Indeed, Houston's immigrant community-the city enjoyed an 84% boost in newcomers of the 1990s, the highest of any major urban area-may well become the critical counter-balancing force to keep the city from repeating its historical boom-bust cycle. Focused largely on trade, domestic manufacturing and services, the Houston immigrant economy may prove a steadying force on the city's now-shaky real estate economy.
A similar, largely unrecognized phenomena might also be seen in the New York area. Devastated both by the after-shocks of the 9/11 disasters and a turndown in such key industries as financial services, tourism and advertising, the city's often-ignored immigration center of Queens seems to be withstanding the downturn far better than Manhattan.
Once predominately a white middle-class neighborhood, Queens has now replaced Manhattan as New York's quintessential "melting pot". Still heavily middle class, Queens County-representing a population of over two million-is now also the most heavily immigrant-populated borough, with nearly fifty percent of its households being headed by someone born overseas. This migration from abroad has made the borough the leader in the demographic rebound of New York City, with a population growth rate of more than 14% over the 1990s.

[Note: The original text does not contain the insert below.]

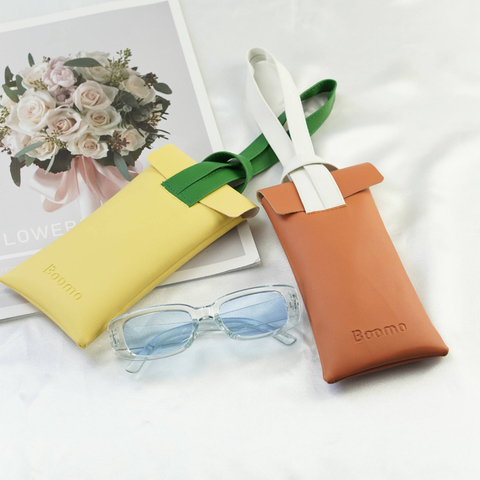 High Quality Custom Logo Printed PU Microfiber Sunglass Sleeve Colorful Glasses Pouch Dust Bag Eyeglass Bag for Microfiber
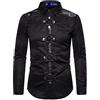 Fowjknww Maglia a maniche lunghe da uomo, stile retrò, stile steampunk, per lavoro, matrimonio, tempo libero, in pelle, per feste, punk, abbigliamento gotico, top rivet rock, concerto, musica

Queens' economic vitality, suggests Marine Nahikian, President of the Queens Economic Development Agency, rests largely on its clusters of immigrant entrepreneurs, including Latinos in places like Jackson Heights and the bustling Asian community of Flushing. Unlike the economy of Manhattan, commerce in these regions-tied to international trade, manufacturing and local services-has held up better than that in nearby Gotham in the current business environment.
Of course, Queens' immigrant communities will not escape the impacts of the recession entirely. The decline in air travel and the aftershocks of employment layoffs in Manhattan, where many Queens residents work, will surely take their toll. Yet early indications show that the borough is weathering the recessionary environment better than other parts of the city, while the real estate market, particularly the office sector, remains tight with rents that continue to climb.
Ultimately, as the immigrant economies in Queens and elsewhere grow, even in the face of harsh economic times, it makes sense for investors and developers to look more closely at these often overlooked communities. Americans may be more suspicious these days of foreign names and influences, but for business, the newcomers are likely to prove one of the key growth opportunities both in this recession and beyond.
Joel Kotkin is a Senior Fellow with both Pepperdine University's Davenport Institute for Public Policy and the Milken Institute, as well as a Research Fellow in urban policy at the Reason Public Policy Institute.